Calculate your living costs
The key to finding your minimum freelance rate starts with figuring out how much money do you want to make, after taxes, per month. How much would you like to make, and how much is the bare minimum you'd require to stay afloat. Now, multiply that by 15. Why 15? because since freelancing is quite a risky business it's advisable to have at least 3 months savings either on your bank or on your company's. 3 months is a ballpark value, and you should adjust it depending on your particular circumstances and preferences for your peace of mind. You probably already did this calculation when considering if you could start a home business, but if you didn't you'll need to do it now.
Calculate your business expenses
Once you have a ballpark figure of how much you'd like to make in one year you should estimate how much more you need to earn to pay taxes and business expenses. If you have just started freelancing your business costs may be higher than if you are already established, because you will need to buy equipment and set up things such as business insurance. That's why it's better to do all the numbers yearly instead of monthly. Include expenses such as creating a business marketing plan, business administration, insurance or registering with trade associations, even if you may not need to do any of those. This is a good moment to talk with an accountant that specialises on freelancers, and can advise you on what expenses you could expect, and how to make the most of your tax allowances and acceptable business expenses. You may find that you need to actually invoice about 40% more than the money you expect to make.
Take into account days off
Now that you know how much money you want to make, you need to decide how much do you expect to work per year. Most freelancers estimate working around 10 months a year to account for bank holidays, sickness and days when there's no work. That's around 40 weeks, or 200 days. It's not a good idea to make your estimates based on a 7 day week, since your work-life balance will suffer, and wasn't' quality of living half the point of becoming a freelancer? Dividing your expected company income by 200 would give you a ballpark daily rate for freelancing. You can do it with your target and minimum income case so you have some room to set your rates.
Compare with the competition
Once you know your estimated daily rates, is time to see how they look like compared with your competition. This is easier said than done, specially if you are talking about graphic design freelance rates or other online and global freelance business. Forget about comparing yourself with the cheapest freelancer in the market because you'd probably be running at a loss, and instead look at what are your selling points and why a client would be better paying a bit more and going with you.
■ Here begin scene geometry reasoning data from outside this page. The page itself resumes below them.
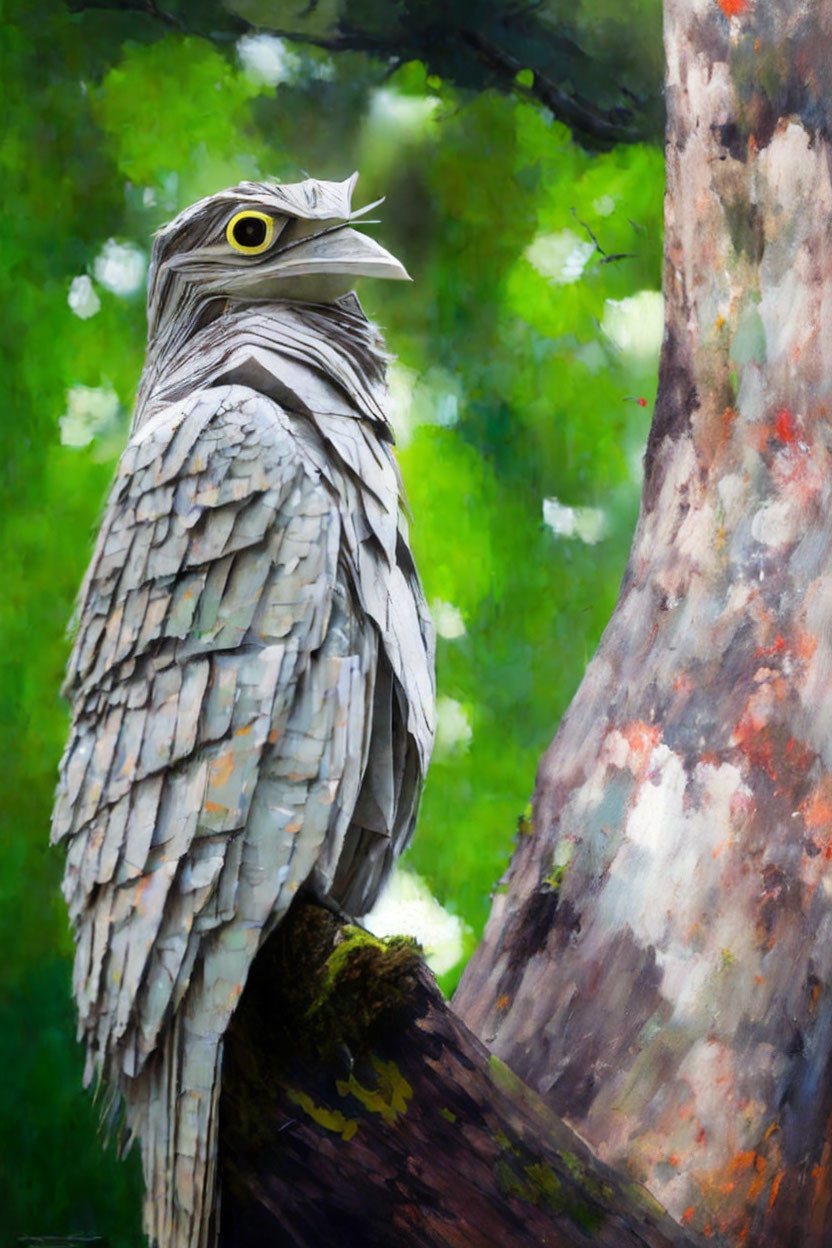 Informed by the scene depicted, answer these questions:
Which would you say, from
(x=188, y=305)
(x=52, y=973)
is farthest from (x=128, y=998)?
(x=52, y=973)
Look at prices for local designers, and accept that sometimes you won't be able to get the client because you need to set up minimum rates to avoid going burst.
If you are a potential client reading this
Are you a client trying to guess why quality freelancer writers or your local web developer is so expensive? Freelancers don't just charge high rates because they can. Often they do it because they need to cover for the expenses and risks involved in running a small business. Freelancers bring specialist skills to your company, without the risks of employing somebody permanently or having to pay their taxes, healthcare and other costs. That expertise costs money, and unless you are looking for fairly low grade job you may not making any savings by just choosing the cheapest option and getting a subpar product. If a freelancer is so cheap that you wonder how he makes a living that should set your alarm bells ringing, since probably he'll be either going out of business or cutting corners to be able to deliver your project.